** ABOUT THIS TASK **
Once the line holding "Top 4 Most Wanted" is found, output it and all remaining lines of the data exactly, with every picture left out.

** DATASET SECTION **
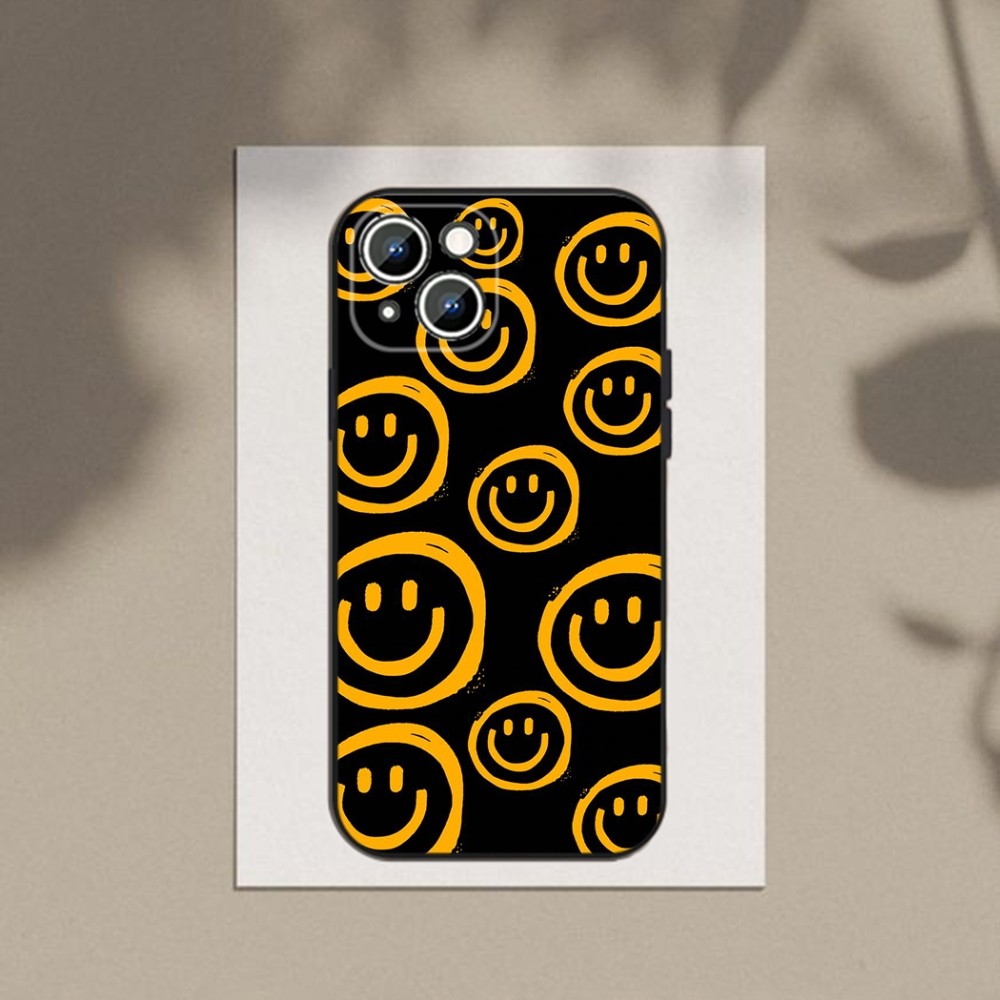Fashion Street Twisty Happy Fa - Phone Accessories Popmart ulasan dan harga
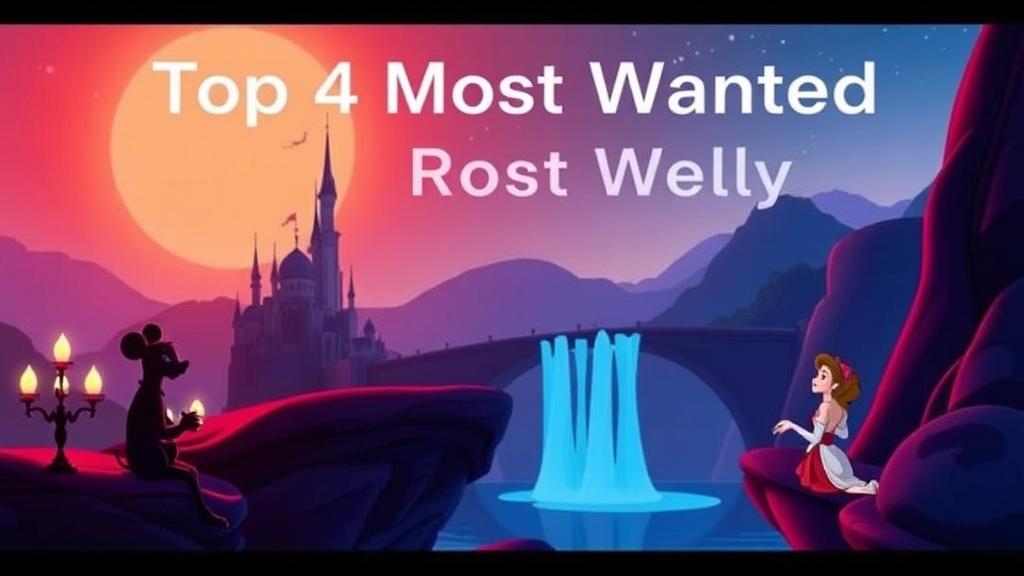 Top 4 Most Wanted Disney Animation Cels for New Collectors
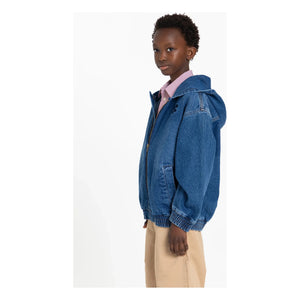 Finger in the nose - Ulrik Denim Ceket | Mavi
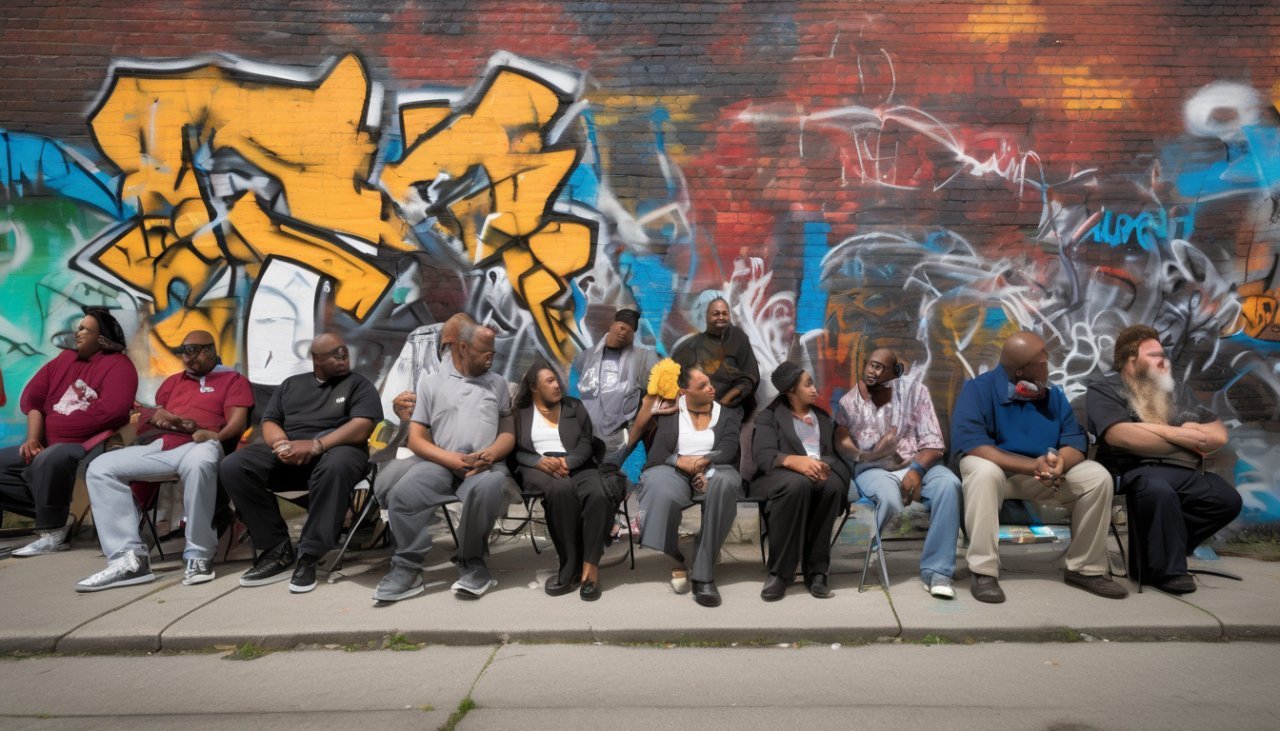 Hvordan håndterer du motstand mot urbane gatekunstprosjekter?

** SOLUTION TO THIS EXERCISE **
 Top 4 Most Wanted Disney Animation Cels for New Collectors
 Finger in the nose - Ulrik Denim Ceket | Mavi
 Hvordan håndterer du motstand mot urbane gatekunstprosjekter?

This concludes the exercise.